種苗交換会で寄付されたタネと自前のタネの計約100種。無料で貸し出し、翌年に2倍にして返してもらう仕組みだ。品種はまだまだ増える見込みという。
シャンティクティ経営の臼井健二さんと朋子さんが「種センター」を始めたのは、今年1、2月にバングラデシュでみた無農薬・有機栽培などをすすめる「ノヤクリシー」という新しい農業のムーブメントを目にしたことがきっかけ。
「穂高いんげん」「くらかけ豆」といった信州のタネから、 「むくろじ」「緑綿」など変わり〝ダネ〟まで。 |
バングラデシュでは、緑の革命によって収量はあがったものの、土地はやせ、病気は増え、生態系が壊れた。

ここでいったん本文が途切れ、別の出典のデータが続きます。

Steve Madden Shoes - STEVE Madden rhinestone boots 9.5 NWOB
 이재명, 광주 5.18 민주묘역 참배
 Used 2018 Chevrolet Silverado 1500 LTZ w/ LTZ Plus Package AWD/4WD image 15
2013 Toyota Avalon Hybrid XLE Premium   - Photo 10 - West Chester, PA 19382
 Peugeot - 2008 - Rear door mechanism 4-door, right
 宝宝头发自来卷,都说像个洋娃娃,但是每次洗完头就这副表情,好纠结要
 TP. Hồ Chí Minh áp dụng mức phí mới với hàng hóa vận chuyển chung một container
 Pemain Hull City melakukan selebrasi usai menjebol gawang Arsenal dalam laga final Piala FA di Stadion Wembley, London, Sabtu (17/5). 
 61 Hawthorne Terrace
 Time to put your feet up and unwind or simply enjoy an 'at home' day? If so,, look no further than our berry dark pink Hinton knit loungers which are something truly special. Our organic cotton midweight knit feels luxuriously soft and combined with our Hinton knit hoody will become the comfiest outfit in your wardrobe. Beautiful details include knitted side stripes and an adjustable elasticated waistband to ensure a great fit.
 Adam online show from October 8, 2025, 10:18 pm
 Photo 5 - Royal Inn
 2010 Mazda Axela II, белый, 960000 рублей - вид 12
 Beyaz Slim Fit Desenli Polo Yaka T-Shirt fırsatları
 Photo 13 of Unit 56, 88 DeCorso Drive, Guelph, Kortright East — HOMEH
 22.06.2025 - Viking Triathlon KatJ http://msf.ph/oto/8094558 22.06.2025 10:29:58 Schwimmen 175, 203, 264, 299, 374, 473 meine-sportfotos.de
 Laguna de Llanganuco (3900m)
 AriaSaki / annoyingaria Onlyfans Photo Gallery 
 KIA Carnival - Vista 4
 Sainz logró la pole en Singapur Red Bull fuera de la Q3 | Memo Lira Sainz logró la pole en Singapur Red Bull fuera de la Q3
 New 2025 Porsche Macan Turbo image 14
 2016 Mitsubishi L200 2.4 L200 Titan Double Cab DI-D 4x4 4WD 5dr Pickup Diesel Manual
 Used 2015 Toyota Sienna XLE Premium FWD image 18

こうした状況を変えていこうというノヤクリシーの一環で、地域に「種センター」をつくり、コメ、野菜、豆のタネを管理して貸し出し、倍にして返してもらっているという。
朋子さんにうかがった現地農民の話が素敵だ。
「今までは農薬を買いに町へ行ったついでにお金を使ってかえってきて奥さんとけんかしたりしたけど、今はタネは奥さんが管理していて、植える時期をきいたり、一緒に仕事をすることがあるからコミュニケーションがとれて仲良くなった」
毎年タネまきのたびにお金を出してタネを買うのではなく、お金をかけずにタネとりや管理に手間をかけたりタネを交換したりするなかで、家族や地域とのコミュニケーションも深まる。タネを地域で自給することで、農民たちの自立にもつながる。
バングラデシュでは住民の9割が農民だというが、日本では多くの人たちが企業勤め。
そんな現状の日本でも、同じようにタネの貸し借りが浸透するかどうか。
期待をもって注目していきたい。